The image Info end point is one of the most popular end points in the PHP API. During a brief period with metric collection a few months ago, we saw around 1100 requests per second for this entry point. While the information returned by it is fairly static and cacheable, there is currently no support for caching. With a Varnish-cacheable imageinfo end point in the REST API, we should be able to significantly lower response latencies for imageinfo requests, while also lowering the load on the PHP API cluster, as well as its storage backends.
The basic requirements for a cacheable end point are:
- deterministic URLs to enable active (Varnish) purging, and
- less or no parametrization about the information contained in the response, to reduce cache fragmentation.
There might be others, and we are soliciting input from the main consumers of the imageinfo end point to discover these.

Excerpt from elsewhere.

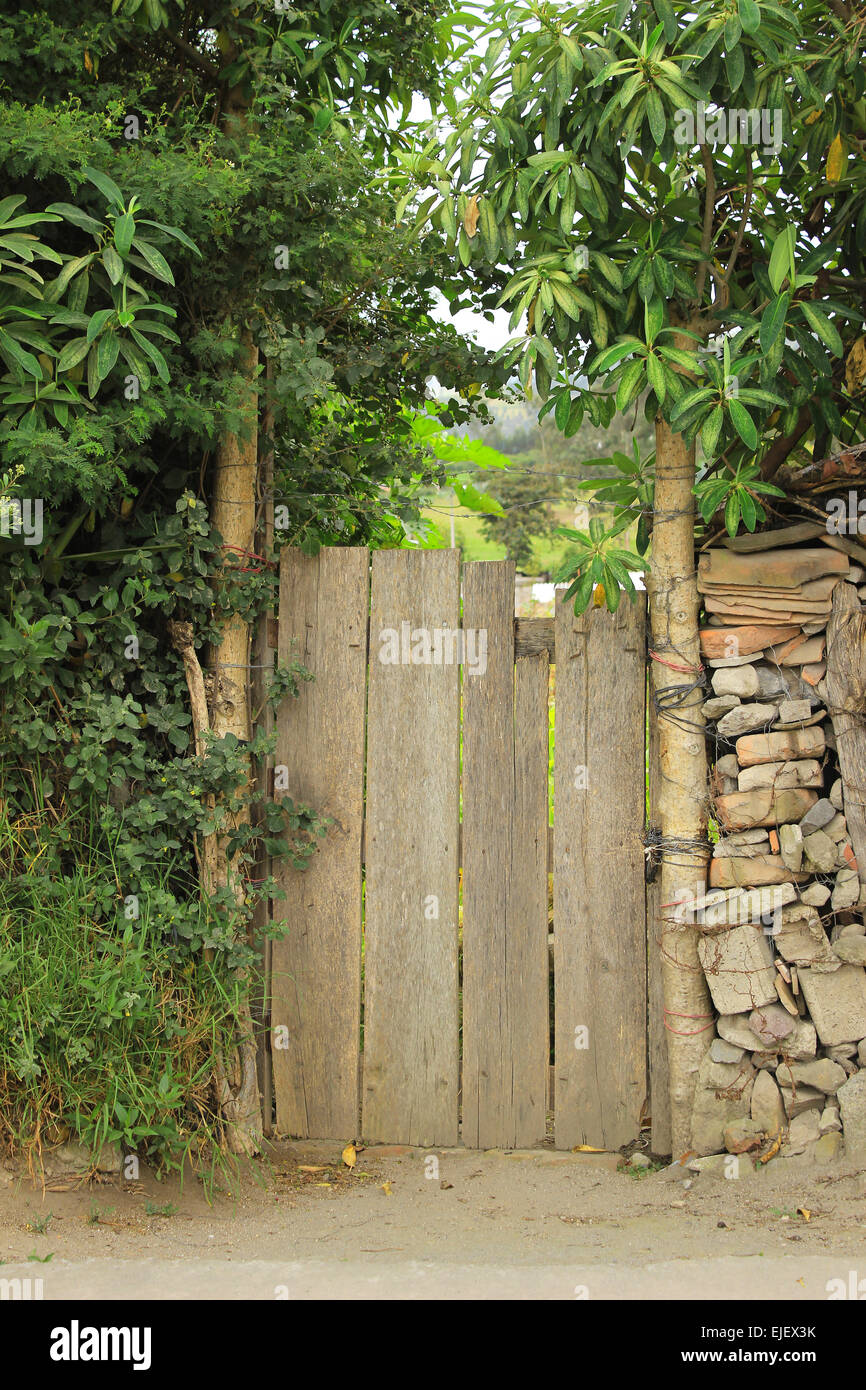 A wood gate in a wall of brick and stone with trees in Cotacachi, Ecuador Stock Photo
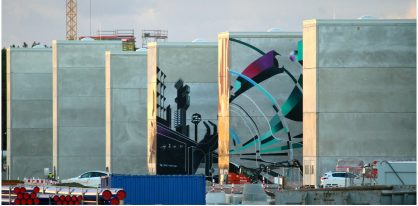 autos, cars, news, space, spacex, tesla, tesla giga berlin welcomes new graffiti art as battery cell building takes form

One major consumer is Parsoid. As Parsoid has fast local-DC connectivity, minor bandwidth savings are probably not critical. As a result, returning more information than strictly required might be okay.
Properties to include vs. response size
A request for all properties results in about 13k of uncompressed JSON. The main bulky properties are:
- extmetadata, especially the Credit and Permission sub-fields. This metadata is HTML formatted, which greatly increases its size.

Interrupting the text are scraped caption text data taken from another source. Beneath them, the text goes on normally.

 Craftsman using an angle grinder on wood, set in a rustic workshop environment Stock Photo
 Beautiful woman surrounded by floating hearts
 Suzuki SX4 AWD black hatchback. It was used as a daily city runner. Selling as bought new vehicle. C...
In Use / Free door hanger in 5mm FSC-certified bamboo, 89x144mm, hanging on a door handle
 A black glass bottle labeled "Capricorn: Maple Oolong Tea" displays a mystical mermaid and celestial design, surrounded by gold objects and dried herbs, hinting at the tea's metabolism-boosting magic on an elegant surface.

- html, the HTML returned by the uploadwarning property. This is documented as internal-only in any case, so should be excluded.

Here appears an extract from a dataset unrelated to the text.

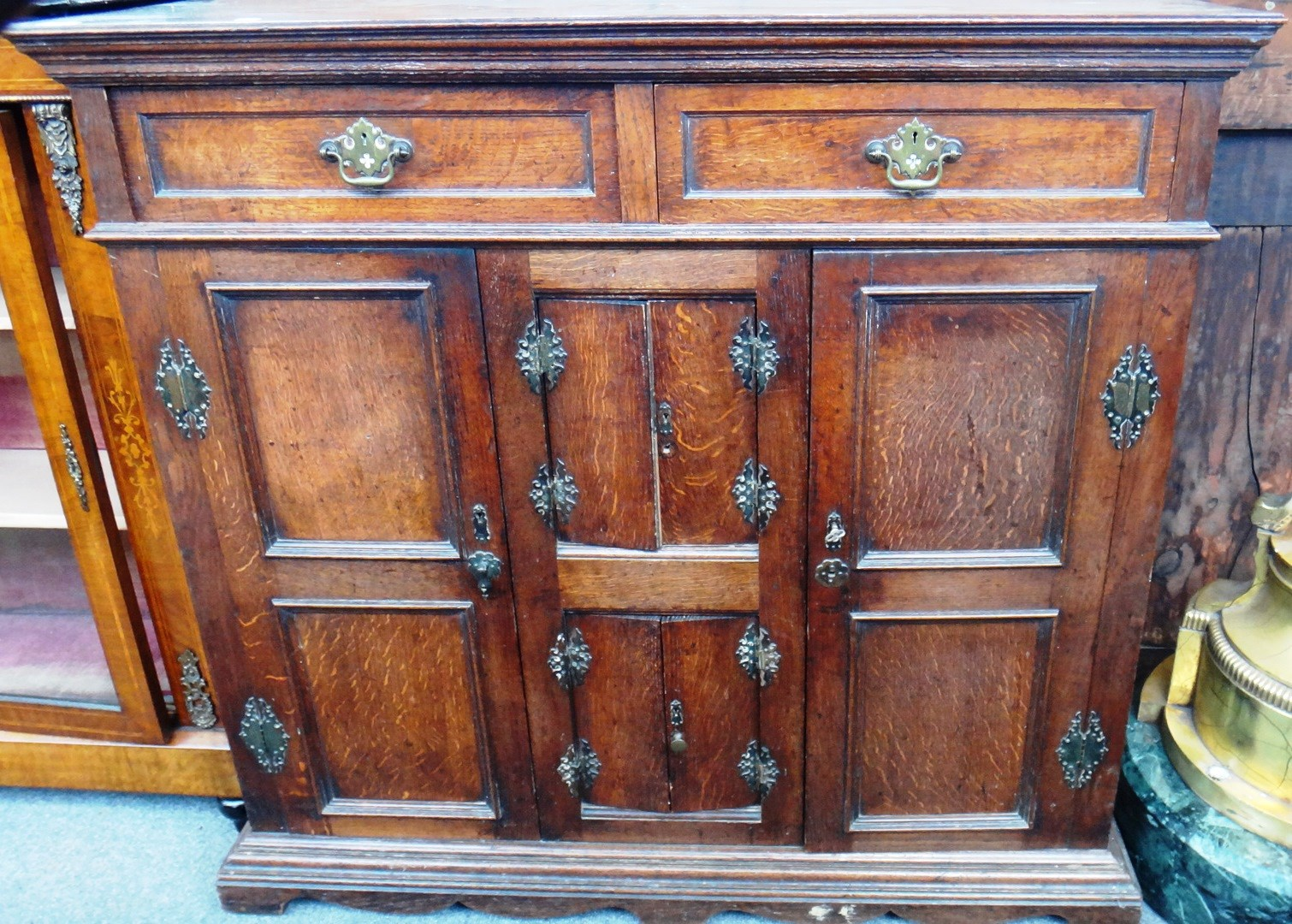 A made up oak side cabinet with a pair of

With these two properties removed, the response shrinks to a very reasonable 1.6kb before compression. To make a decision on extmetadata, we should look into how this is currently used by consumers. Depending on the actual use cases it might be desirable to either expose this HTML-formatted metadata in a separate API end point, or include it as structured data without formatting.
Cache invalidation
The caches need to be invalidated on
- file upload / deletion / rename
- any changes to the file description page
We cover much of this in the RESTBase extension, but going forward we should make sure that the events defined in T116247 will support this use case really well.